En un plano artístico, el “ecumenismo” presenta un problema si se considera la canción que se somete a votación por internet en cada show, una idea primero utilizada en 1997. Que el 13 de febrero la elegida haya sido “You got me rocking”, un tema de 1994 que desde entonces no ha faltado en ningún tour, prácticamente invita al análisis sociológico. Al menos una generación parece no haber pasado de Voodoo Lounge, el álbum que la incluía (nacido de las mejores sesiones del grupo desde 1978), a costa de las demás nominadas: “Bitch” (1971), “Rocks off” (1972) y “Doo doo doo doo doo (Heartbreaker)” (1973), todas joyas. Ese voto le termina dando la razón a Jagger: hay que hacer los hits, aun los menores. (Sospeché fraude, sobre todo cuando Wood directamente tocó una única nota con el slide durante todo el solo).
Otra canción del “último período” (¡cuatro álbumes de estudio en 25 años!), la definitivamente menor “Out of control”, ninguna noche falta pero tampoco falla porque, montada sobre una línea de bajo levantada de “Papa was a rolling stone” de los Temptations, es uno de los momentos más sólidos: una demostración de manejo de dinámicas y un recordatorio —luego reiterado en “Midnight rambler”— de que Jagger es quizá el mejor armoniquista blanco de blues que no hizo una carrera de eso.

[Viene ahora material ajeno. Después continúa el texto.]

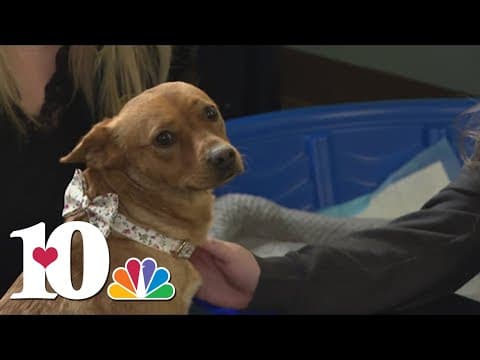 East TN dispatch center adopts lost dog found after Helene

Fue la primera vez que vinieron sin tener nada nuevo que mostrar y se notaba. Con el compilado Forty Licks (2002), se dieron cuenta que un álbum nuevo no era necesario para montar un tour. Jagger siempre tiene canciones aunque, ¿para qué juntarse varios meses a lidiar con Richards en un disco que no va a mover el avispero si puede tener la gratificación monetaria e instantánea de una noche donde se pague top dollar por verlo? Aun así, siguen prometiendo volver a estudios. Ojalá.
No obstante, se les tiene que reconocer a los Stones que tardaron bastante más que muchas bandas de los ochenta y noventa en entrar en esa dinámica de gira-sin-disco. En rigor, con las particularidades de su enfoque, cuando los Stones salen de gira están haciendo lo mismo que Dylan, McCartney y también todos sus héroes: un músico popular toca hasta el final porque de eso se trata.
Ya en los ochenta, Richards explicaba que su modelo eran Muddy Waters y todos los bluseros que siguieron en la ruta hasta caer muertos. “Quiero hacer que esta cosa crezca. Elvis no pudo hacerlo”, le dijo a Rolling Stone en 1988, mientras Jagger, tras el fracaso de su segundo álbum solista (el single “Let’s work” apenas rozó el top 40) veía esfumarse sus ambiciones de abrirse del grupo. “Este es un trabajo de toda la vida. Y si hay un estúpido que alguna vez lo va a demostrar, espero ser yo”. El año pasado, Keef le reconoció a The Age: “No me gusta la idea de palmar en el escenario. Pero tampoco le veo mucha alternativa”. Como la tripulación de la Enterprise, los Rolling Stones continúan su viaje hacia donde ningún hombre ha llegado antes.